In de jaren vijftig werd bekend dat asbestblootstelling longkanker met zich mee kan brengen, in eerste instantie vanuit de gedachte dat deze vorm van kanker een complicatie is bij, en dus een gevolg van asbestose. Midden jaren zestig werd door de overheid erkend dat longkanker een ernstig en omvangrijk probleem was.
Begin jaren zestig kwam door internationaal onderzoek aan het licht dat chronische beroepsmatige blootstelling aan asbest longvlies- en buikvlieskanker (mesothelioom) kan veroorzaken, bij opvallend lagere concentraties dan nodig zijn voor andere asbestaandoeningen, en zonder asbestose als tussenstap. Daarbij werd met name crocidoliet (blauwe asbest) als boosdoener aangewezen. Chrysotiel (witte asbest, de in Nederland verreweg meest gebruikte soort) werd minder risicovol geacht.
In 1969 werd de mesothelioomproblematiek in één klap ook in Nederland zichtbaar en actueel: uit systematisch onderzoek door J. Stumphius bleek dat onder de bedrijfsbevolking van scheepswerf de Schelde in Vlissingen mesothelioom extreem vaak voorkwam. Deze bevinding leidde tot commotie in de Tweede Kamer. Vragen werden gesteld aan de toenmalige bewindspersoon. Deze relativeerde echter de problematiek toen nog. Pas in 1978 werd in Nederland het meest gevaarlijke blauwe asbest (crocidoliet) verboden en in 1993 alle soorten asbest. Dit verbod geldt zowel voor opslag als verwerking.

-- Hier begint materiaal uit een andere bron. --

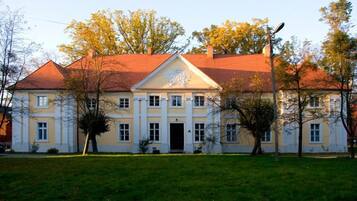 A large, two-story building with a symmetrical facade, a central entrance, and a red-tiled roof.
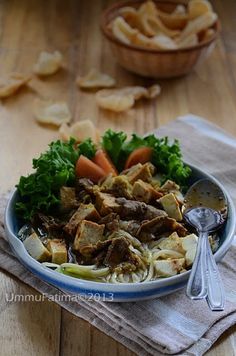 a bowl filled with meat and vegetables on top of a table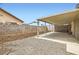 Backyard with a covered patio, rock garden, and block wall at 4611 Four Leaf Clover Dr, Las Vegas, NV 89122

Sinds 1 januari 2005 geldt in de gehele Europese Unie een verbod op verbruik, gebruik en handel in alle asbestsoorten.
Toepassingen
Vanwege zijn bijzondere eigenschappen is asbest gebruikt in tal van producten. Er zijn zo’n 3500 producten bekend die asbest bevatten. Ze werden toegepast op plaatsen waar de eigenschappen van asbest optimaal konden worden benut. Dus bijvoorbeeld als afdichtingen in de proces-industrie, in remvoeringen en koppelingen en in brandwerende producten. Een groot deel van de geïmporteerde asbest werd verwerkt in cementproducten (o.a. golfplaten en waterleidingbuizen). In voor 1980 gebouwde woningen en andere bouwwerken is asbest vrijwel altijd op een of andere manier aanwezig (bouwmaterialen, dakbeschot, verwarmingsketels, vloerbedekking (zeil), rioolleidingen e.d.). Soms komt asbest voor in oudere huishoudelijke apparaten die warmte ontwikkelen, zoals boilers, haardrogers, straalkachels, broodroosters en strijkijzers. In de agrarische sector is asbest veel toegepast, bijvoorbeeld in golfplaten als dakbedekking van stallen en schuren. Plaatselijk zijn wegen verhard met asbestbevattend afval. Op de websites van het ministerie van I&M en het milieu-informatiecentrum Infomil is veel informatie te vinden over de toepassingen van asbest: waar het is gebruikt, hoe het is verwerkt en in welke vormen asbestproducten voorkomen.
Regelgeving
Er bestaan veel regels voor iedereen die met asbest te maken krijgt. Deze regelgeving is er op landelijk, provinciaal en gemeentelijk niveau, en moet in overeenstemming zijn met Europese wetten. Welke regels van toepassing zijn hangt er van af of u in het kader van beroep of bedrijf of als particulier met asbest omgaat. Zo is voor werkgevers, werknemers en voor zelfstandige beroepsbeoefenaars altijd het Arbeidsomstandighedenbesluit van belang. Particulieren die asbestbevattend materiaal willen verwijderen krijgen te maken met het Asbestverwijderingsbesluit en de regels van hun gemeente. Bedrijven en instellingen en zelfstandig werkenden die asbest willen (laten) verwijderen uit een bouwwerk of object, moeten met beide besluiten rekening houden. Omdat de gevaren verbonden aan het werken met asbest groot zijn geldt het Arbeidsomstandighedenbesluit voor wat betreft asbest niet alleen voor werkgevers en werknemers, maar ook voor zelfstandigen zoals landbouwbedrijven. Het milieu-informatiecentrum Infomil publiceert op haar website een compleet overzicht van de regelgeving op alle niveaus met een korte toelichting per onderdeel . Onderscheid wordt gemaakt naar regelgeving van de Europese Unie, de ministeries van SZW, VROM, LNV en V&W en die van provincies en gemeenten.